Dataset items:
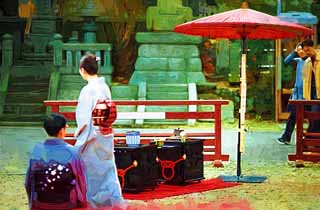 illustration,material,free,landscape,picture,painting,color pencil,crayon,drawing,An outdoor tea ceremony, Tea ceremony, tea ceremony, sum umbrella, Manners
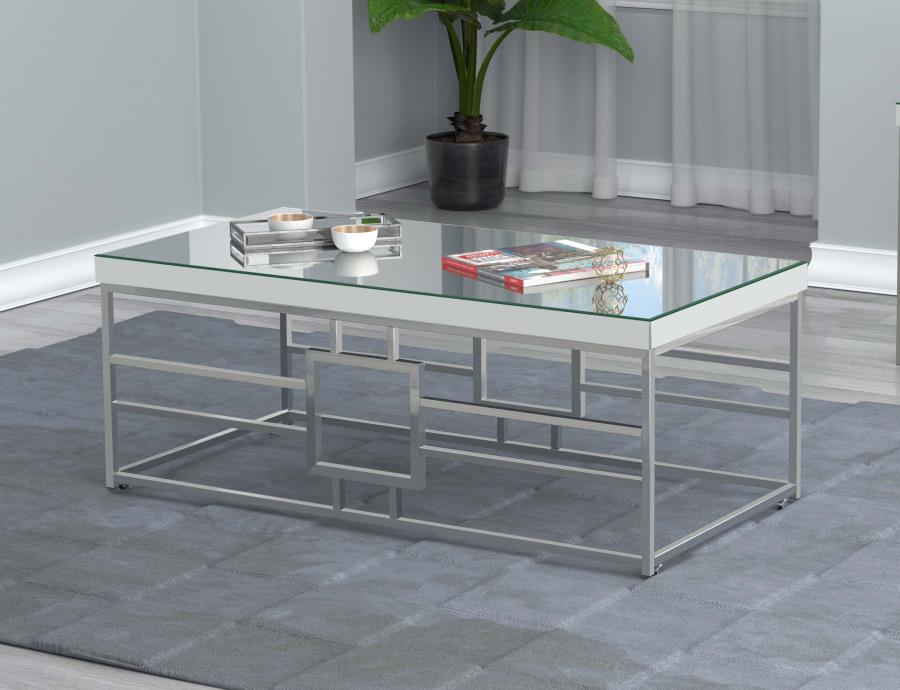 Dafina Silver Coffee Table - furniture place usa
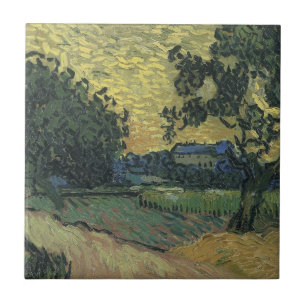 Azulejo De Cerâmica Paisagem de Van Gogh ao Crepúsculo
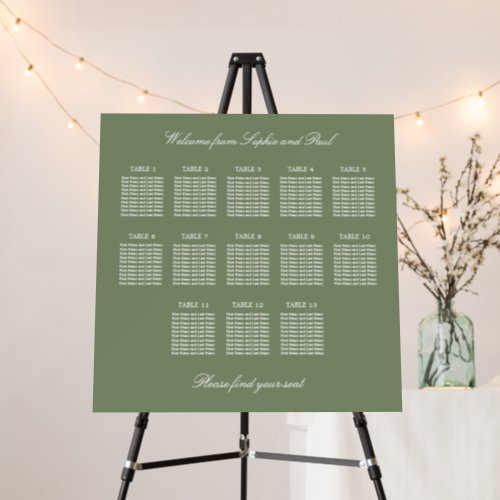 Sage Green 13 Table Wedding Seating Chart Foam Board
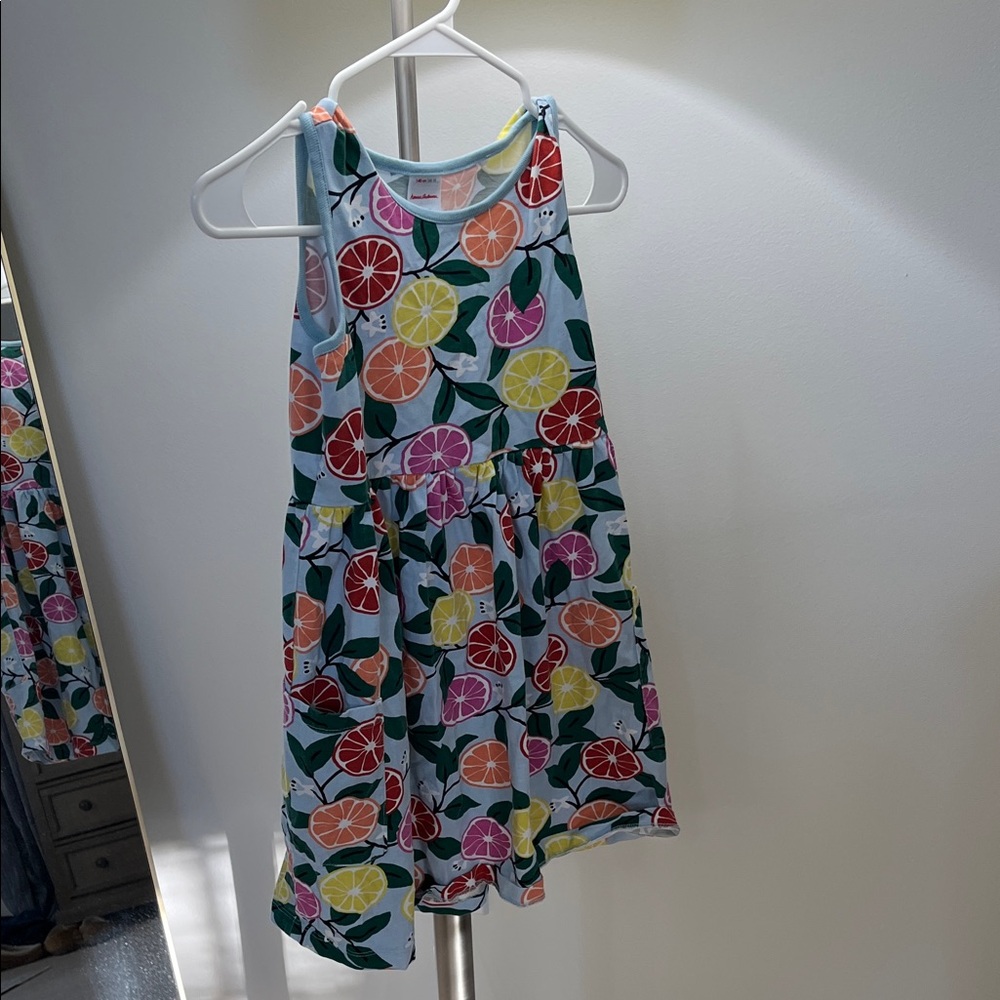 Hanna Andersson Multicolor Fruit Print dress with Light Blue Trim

Work to complete:
Output the records verbatim without pictures.

Response area:
 illustration,material,free,landscape,picture,painting,color pencil,crayon,drawing,An outdoor tea ceremony, Tea ceremony, tea ceremony, sum umbrella, Manners
 Dafina Silver Coffee Table - furniture place usa
 Azulejo De Cerâmica Paisagem de Van Gogh ao Crepúsculo
 Sage Green 13 Table Wedding Seating Chart Foam Board
 Hanna Andersson Multicolor Fruit Print dress with Light Blue Trim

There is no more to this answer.